───── Material provided ─────

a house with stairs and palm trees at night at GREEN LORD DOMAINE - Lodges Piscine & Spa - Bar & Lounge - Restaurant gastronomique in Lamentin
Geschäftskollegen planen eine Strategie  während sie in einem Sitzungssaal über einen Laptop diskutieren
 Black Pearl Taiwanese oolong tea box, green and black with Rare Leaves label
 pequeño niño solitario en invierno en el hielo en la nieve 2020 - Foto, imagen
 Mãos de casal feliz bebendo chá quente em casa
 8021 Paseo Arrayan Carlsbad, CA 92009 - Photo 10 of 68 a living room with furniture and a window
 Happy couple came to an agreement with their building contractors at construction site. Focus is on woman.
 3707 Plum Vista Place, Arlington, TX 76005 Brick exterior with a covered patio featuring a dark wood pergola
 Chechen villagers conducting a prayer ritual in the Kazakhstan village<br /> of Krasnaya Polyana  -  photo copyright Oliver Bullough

─────

Whenever the string "with" shows up in a line of the records, copy that line.

▸ **Output for this task**:
a house with stairs and palm trees at night at GREEN LORD DOMAINE - Lodges Piscine & Spa - Bar & Lounge - Restaurant gastronomique in Lamentin
 Black Pearl Taiwanese oolong tea box, green and black with Rare Leaves label
 8021 Paseo Arrayan Carlsbad, CA 92009 - Photo 10 of 68 a living room with furniture and a window
 Happy couple came to an agreement with their building contractors at construction site. Focus is on woman.
 3707 Plum Vista Place, Arlington, TX 76005 Brick exterior with a covered patio featuring a dark wood pergola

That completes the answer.